Home Remedies for Sinusitis
There are many ways to treat sinus infections at home:
- Steam: Vaporizers or steam from warm water can help relieve congestion, facial pressure, and pain.
- Fluids: Keeping hydrated by drinking enough water, tea, or other fluids can help thin mucus and relieve nasal passage blockage.
- Saline nose drops: Saline sprays, rinses, and drops can moisten nasal tissues and help drain mucus.
- Warm compresses: Place a warm cloth or pack over your face to promote blood flow and ease pressure.
- Pain relievers: Over-the-counter pain relievers or decongesting cold medicines can relieve symptoms.
- Antihistamines: Over-the-counter antihistamines can help prevent swelling, congestion, and other symptoms.
If your sinus infection is chronic or recurrent, and at-home remedies can’t resolve your symptoms, it may be time to see your doctor and pursue advanced measures. If over-the-counter or prescription treatments likewise don’t work, they may recommend surgery to address structural abnormalities.

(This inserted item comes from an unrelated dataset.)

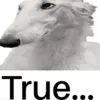 truezoi truezoi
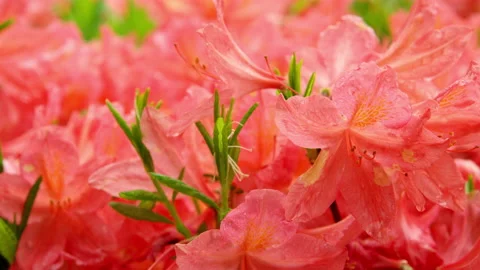 Panning through bright red flowers Stock Footage 159316909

During surgery, an otolaryngologist identifies and repairs issues such as nasal polyps, closed passages, or abnormalities in the bone separating your nasal passages. Sinus surgery occurs under general anesthesia and takes between 30-minutes and 4-hours. Patients generally go home the same day and fully recover within a few weeks.
How to Prevent Sinusitis
Sinus infections are best prevented by maintaining a healthy lifestyle, treating your allergies, and avoiding others who are sick. Although there are no guaranteed ways to prevent sinus infections, the following strategies can help:
- Don’t smoke, and avoid secondhand smoke.
- Wash your hands, especially during cold and flu season.
- Avoid known allergen exposure, and avoid overusing antihistamines.
- Use a humidifier to moisten the air at home.
- Avoid contact with people who have colds, coughs, or other upper respiratory infections.